** What you need to do **
Every entry, from the first to the last, should be written out exactly.
**** Records for the exercise
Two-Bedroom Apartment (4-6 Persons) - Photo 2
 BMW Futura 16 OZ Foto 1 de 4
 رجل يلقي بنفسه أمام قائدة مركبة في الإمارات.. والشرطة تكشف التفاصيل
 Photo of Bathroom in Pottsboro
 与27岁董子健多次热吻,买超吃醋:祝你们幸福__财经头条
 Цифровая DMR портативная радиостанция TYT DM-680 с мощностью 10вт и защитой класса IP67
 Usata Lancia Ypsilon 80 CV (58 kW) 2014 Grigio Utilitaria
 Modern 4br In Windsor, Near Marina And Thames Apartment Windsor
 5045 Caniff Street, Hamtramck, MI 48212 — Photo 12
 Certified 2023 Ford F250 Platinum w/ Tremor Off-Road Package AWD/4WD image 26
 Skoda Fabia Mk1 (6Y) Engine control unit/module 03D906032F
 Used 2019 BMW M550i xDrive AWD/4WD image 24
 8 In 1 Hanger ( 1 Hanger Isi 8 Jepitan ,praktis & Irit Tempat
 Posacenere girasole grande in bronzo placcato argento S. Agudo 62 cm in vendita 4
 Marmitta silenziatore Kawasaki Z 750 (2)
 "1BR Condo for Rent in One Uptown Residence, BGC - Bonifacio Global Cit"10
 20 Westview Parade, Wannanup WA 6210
********
** Solution **
Two-Bedroom Apartment (4-6 Persons) - Photo 2
 BMW Futura 16 OZ Foto 1 de 4
 رجل يلقي بنفسه أمام قائدة مركبة في الإمارات.. والشرطة تكشف التفاصيل
 Photo of Bathroom in Pottsboro
 与27岁董子健多次热吻,买超吃醋:祝你们幸福__财经头条
 Цифровая DMR портативная радиостанция TYT DM-680 с мощностью 10вт и защитой класса IP67
 Usata Lancia Ypsilon 80 CV (58 kW) 2014 Grigio Utilitaria
 Modern 4br In Windsor, Near Marina And Thames Apartment Windsor
 5045 Caniff Street, Hamtramck, MI 48212 — Photo 12
 Certified 2023 Ford F250 Platinum w/ Tremor Off-Road Package AWD/4WD image 26
 Skoda Fabia Mk1 (6Y) Engine control unit/module 03D906032F
 Used 2019 BMW M550i xDrive AWD/4WD image 24
 8 In 1 Hanger ( 1 Hanger Isi 8 Jepitan ,praktis & Irit Tempat
 Posacenere girasole grande in bronzo placcato argento S. Agudo 62 cm in vendita 4
 Marmitta silenziatore Kawasaki Z 750 (2)
 "1BR Condo for Rent in One Uptown Residence, BGC - Bonifacio Global Cit"10
 20 Westview Parade, Wannanup WA 6210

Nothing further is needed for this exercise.